Thankfully, he keeps the last point to a minimum -- there are only two ballads on the 45-minute disc, and even they're a cut above some of the simpering fare he's dished up over the decades.

So, along with being the first CD he's made straight, Ozzy's Black Rain is also his first disc in years that's worth the money.

With any luck, it won't be the last.

Not Going Away 4:33

The Ozzman cometh back heavy. Drummer Mike Bordin and bassist Blasko lock into a plodding dino-stomp beat while Wylde unspools a grinding slab of Sabbathy riffage, tossing a springy whammy-bar lick at the end for good measure.

OZZY SAYS: "Only I know what goes on in my head."

I Don't Wanna Stop 3:59

The disc's hooky first single kicks it up a notch, with a thundering Rob Zombie-style tom-tom groove and a chunky, low-neck guitar riff. A descending string synth adds an ominous overtone.

OZZY SAYS: "I don't know what they're talking about."

Black Rain 4:44

Ozzy gets political with some pointed anti-war lyrics about flag-draped coffins and children marching into the desert to die. The backing track paints the picture with marching footsteps, a tolling bell, droning Middle Eastern tones and countermelody, a snake-charmer solo. Extra points for the slight echo of Gimme Shelter on the chorus.

OZZY SAYS: "Politicians confuse me."

Lay Your World on Me 4:19

Ballad No. 1 is a moody affair, with a slow, snare-heavy drum line, bell-like keyboard tones and the expected blanket of strings and vocals. Zakk offers up some suitably weepy guitar licks.

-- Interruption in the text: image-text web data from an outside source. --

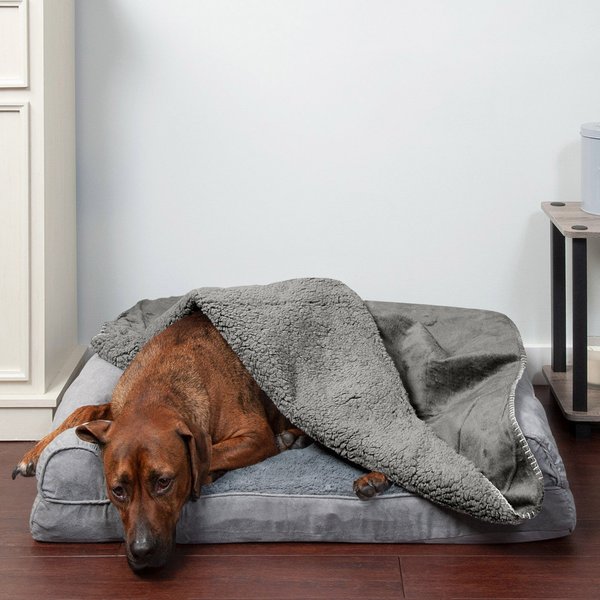 FurHaven Orthopedic Plush & Suede Sofa Dog & Cat Bed & Blanket, Gray, Large slide 1 of 9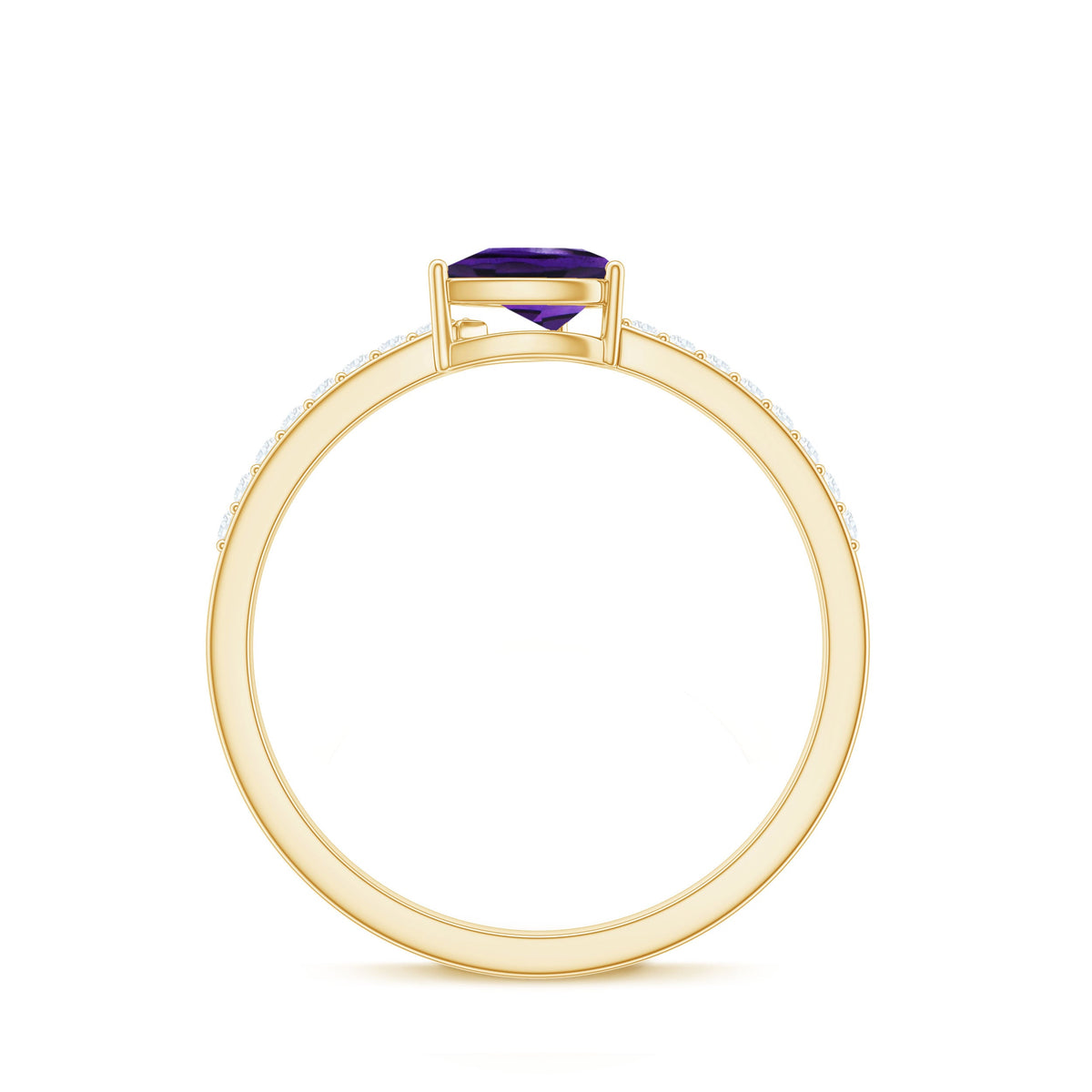 Pear-shaped natural amethyst engagement ring with diamond accents, featuring a 1-carat center stone from Rosec Jewels.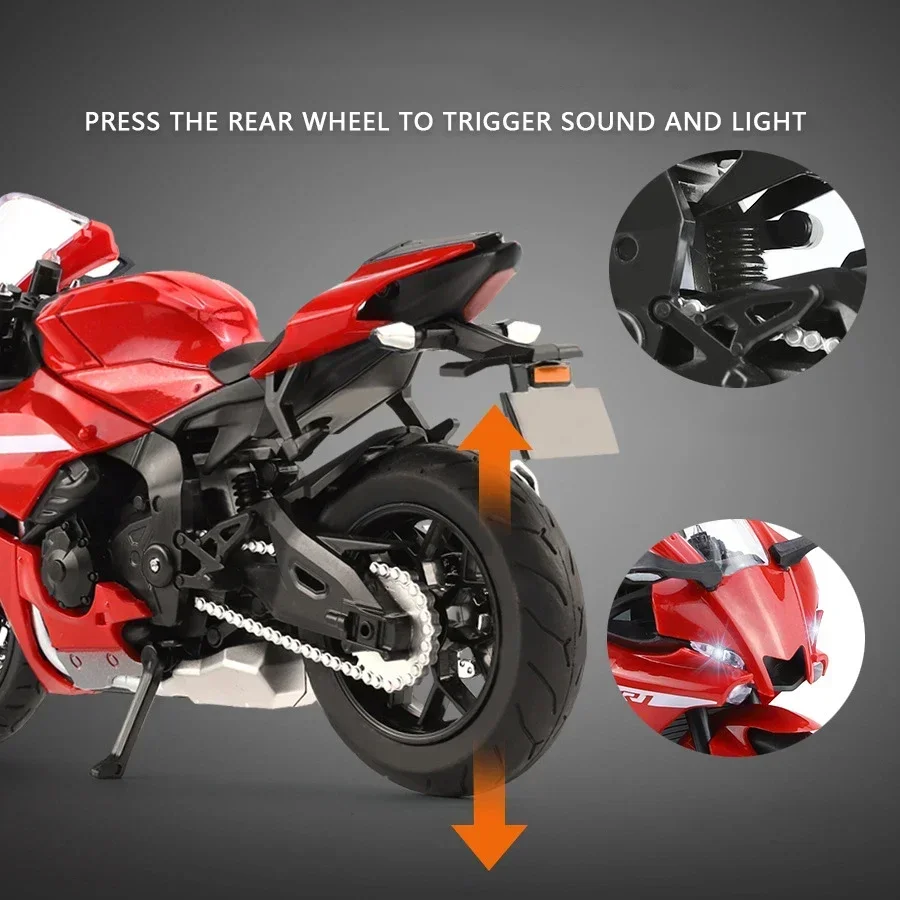 1:12 Yamaha YZF-R1 합금 다이캐스트 오토바이 모델 차량 컬렉션, 소리 및 조명, 오프로드 오토사이클 어린이 장난감 자동차 선물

OZZY SAYS: "I can be the pillar of strength that you need."

God Bless The Almighty Dollar 7:00

The band stretches out on the album's ambitious centrepiece. This mini-epic based on An Inconvenient Truth isanchored by a sluggish funk-metal groove and decorated with tympani, a trippy bridge and an intricate, King Crimson-circa-21st Century Schizoid Man middle. It doesn't feel like a seven-minute track. That's a compliment.

OZZY SAYS: "We won't be breathing for long -- when it's all gone."

11 Silver 3:43

The rubberized opening riff to this antidrug screed comes straight from the grunge basement. But the thwacking beat, wailing vocal and fistpumping chorus -- complete with ready-made audience-participation cues -- is tailor-made for the stadium. Wylde does double-duty with fiery harmonized solos. Don't miss the disc's funniest moment: Ozzy asking "Is that the last song?" at the end of the cut.

OZZY SAYS: "I don't know if I'm awake or if I'm dreaming."

Civilize the Universe 4:42

A bassy, spacey synth sequencer sets the pace. The band falls in step with a propulsively funky groove, some chuggy licks and a soaring, anthemic chorus.

OZZY SAYS: "Bad habits are hard to break."

Here For You 4:37

Ballad No. 2 is a classic grand-piano weeper, right down to the swelling strings. Expect it to replace Mama, I'm Coming Home as the first dance at this summer's white-trash weddings.

OZZY SAYS: "Cross my heart until I die."

Countdown's Begun 4:59

The opening guitar arpeggios, the chugging midtempo groove, the lyrics about holy war and doomsday clocks -- it's like Ozzy's version of Hell's Bells. But with some swirly vocal and synth overdubs that add a layer of trippy psychedelic to the proceedings.

OZZY SAYS: "You may see the mushroom. But you won't hear the blast."

Trap Door 4:03

A closing ballad? No way, dude. Ozzy goes out with a big bang -- a driving rocker full of neck-sliding chords, robotic backups, squelchy synths and a mid-song fusillade of pounding tom-toms.

OZZY SAYS: "Big head leads to confusion."